Today I have about 40% of my music library in iTunes, all of it ripped at 320 kbit/s AAC, which I consider to be the lowest acceptable quality for casual listening while travelling. Of course, it’s a compromise for the sake of saving some space and giving me a wide choice of music on my iPhone.

A Digital Future

While files compressed at 256 kbit/s or 320 kbit/s are OK for occasional listening, they still don’t match CD quality, which is why I’ve been very reluctant to buy digital downloads.

However, the new Mastered for iTunes standards can give us hope that in the future companies like Apple will be in a position to deliver files at far higher quality standards than current downloads, higher than CD in fact!

Moreover, it should be pointed out the music originally created for vinyl was engineered to work best on that format. Many of the bass and sub-bass heavy genres that have evolved in recent years were made possible (for better or worse) by the extended low end available on digital formats. And high quality digital may also continue to be the best format for some kinds of classical and ambient music as well as spoken word performances.

How I’m Listening Today

My studio monitors, the SE Munro Egg150 are specifically designed for music production. However, they also have inputs (and an EQ setting) for conventional HiFi equipment. So, I’m running a Pro-Ject Debut Carbon turntable as my primary listening device alongside my desk for audio work (I still have a CD player in my Mac Pro, if required).

One of the first things you learn, as you get into audio production is to to develop a good set of “reference” material. This means songs and albums that are not just personal favourites, but ones that are clearly exceptional in terms of production and sound quality.

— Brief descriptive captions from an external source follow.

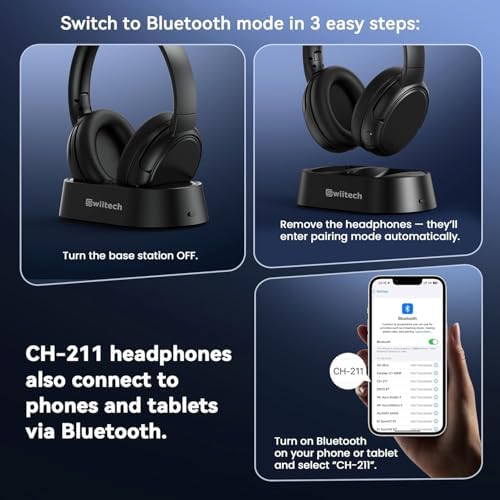Swiitech Wireless TV Headphones with Charging Dock, 45H Playtime, Black - Image 6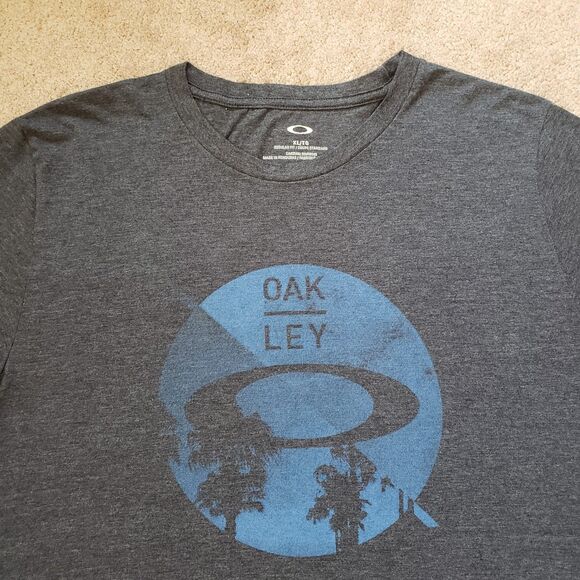 Oakley Palm Trees Size XL Regular Fit Mens Charcoal Grey Graphic T-Shirt Grey - Picture 2 of 5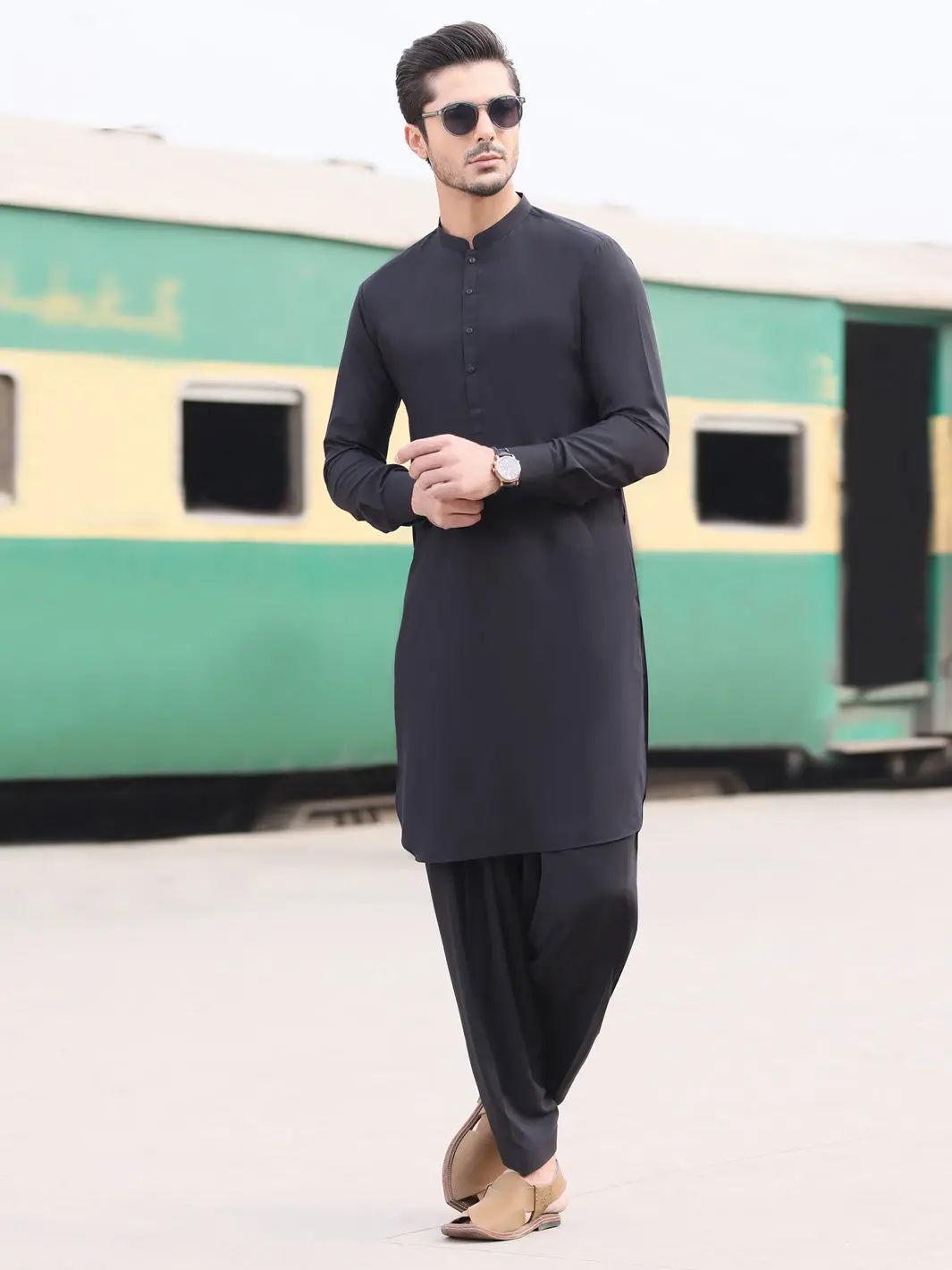 Black Blended Kameez Shalwar - Al-Ks-2587 1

Listening again and again to your reference material, trains your ear in terms of good sound and helps you make decisions about which gear to buy and how to adjust it in the studio. As acclaimed designer and engineer Rupert Neve puts it,

Inevitably our data bank of “natural” sound is built up on the basis of our personal experience and this must surely emphasize the importance of listening to “natural” sound, and high quality musical instruments within acoustic environments that is subjectively pleasing so as to develop keen awareness that will contribute to a reliable data bank…

…Memory and knowledge of real acoustic and musical events may be the biggest tool and advantage any recording engineer may possess.

Everything we are learning about music cognition suggests our brains rewire themselves over time, based on what we listen to and how we listen to it. If you love music and hope to make music, then you owe it to yourself to listen to music under the best conditions you can manage, because you are actually programming yourself for the moments when you will come to make music.

Music to me sounds best when it is warm, wide and focussed, like a good vinyl recording. Vinyl is my truth; a beautifully deceptive and imperfect truth.